Linolenic acid in tissue phospholipids of group III was significantly more than that in groups I (Р<0.01) and II (Р<0.05). In groups IV and V, the content f this fatty acid was higher than that in groups I, II (Р<0.001) and III (Р<0.01). The eicosapentaenoic acid in groups IV and V was considerably higher than that in control (Р<0.05). There were no statistically significant differences between groups with regard to fatty acid groups.
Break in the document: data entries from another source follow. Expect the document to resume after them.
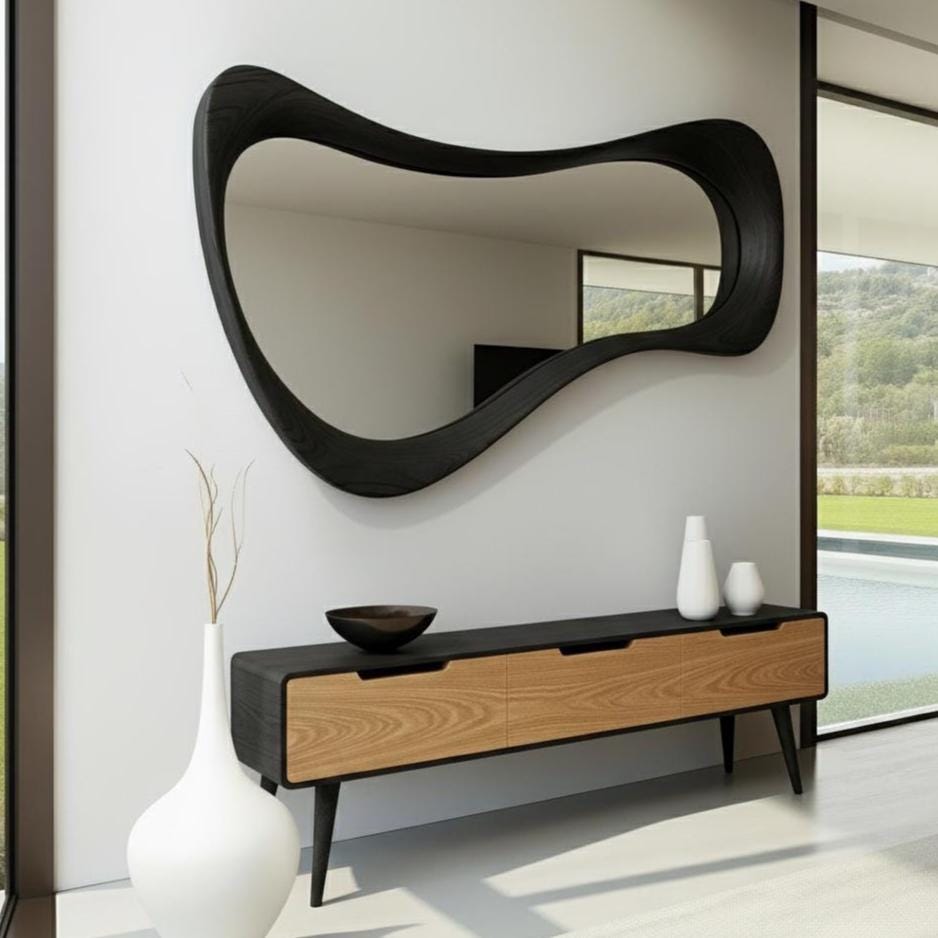 May include: A large, black, organically shaped mirror hangs above a modern wooden console table. The console has two drawers with light wood fronts and a dark top. Decorative white vases and a dark bowl sit on the console.
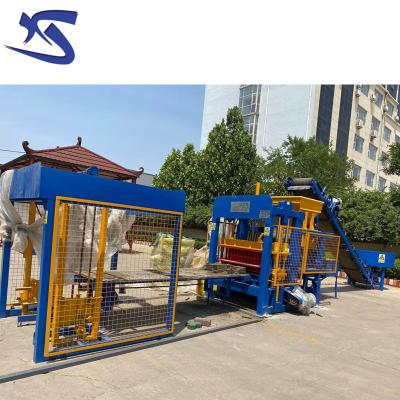 China building material shops automatic cement concrete paving interlocking hollow brick block making machine price qt4-15 for sale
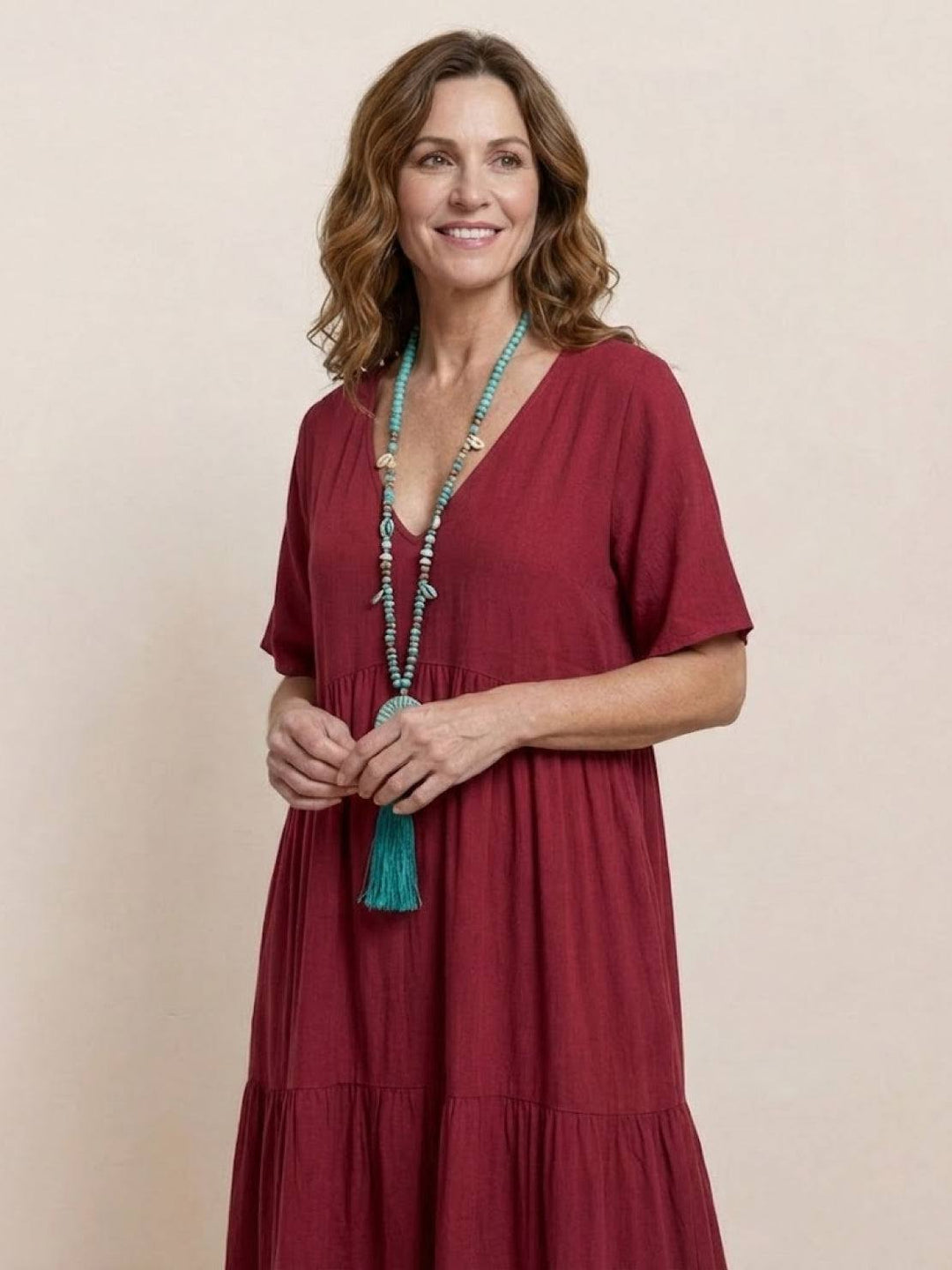 Women's versatile boho V-neck maxi dress, tiered & flowy, suitable for many occasions.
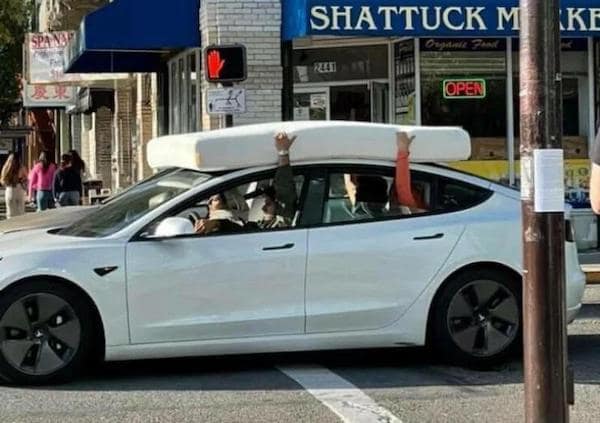 A driving fail showing passengers holding a mattress onto the roof of a Tesla with their bare hands.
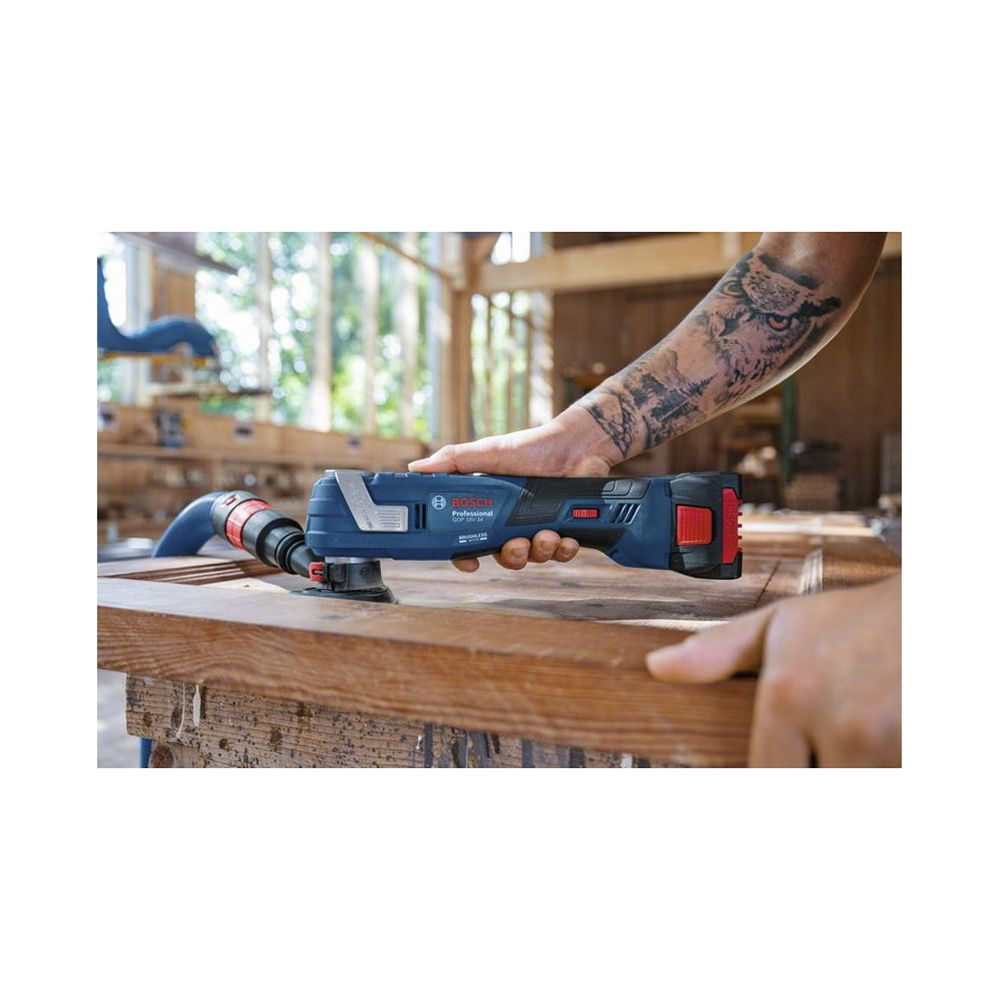 Un artigiano usa uno strumento oscillante blu Bosch su un pezzo di legno.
The n-6/n-3 ratio was lower in group II vs group I (Р<0.05) and in groups III, IV and V (Р<0.001) vs group I. The differences between groups IV and V vs group II were also important (Р<0.01).
The high content of PUFA in tissue lipids resulted in significantly higher thiobarbituric acid number in both fresh and stored meat.

Key words: pigs, flaxseed, fatty acid composition, triacylglycerols, phospholipids, vitamin E, oxidation
Abbreviations:MDA – malondialdehyde; MUFA– monounsaturated fatty acids; SFA – saturated fatty acids; UFA – unsaturated fatty acids; ME – metabolizable energy; PUFA – polyunsaturated fatty acids; CP – crude protein; TBARS – thiobarbituric acid reactive substances; n-3 – omega-3; n-6 – omega-6.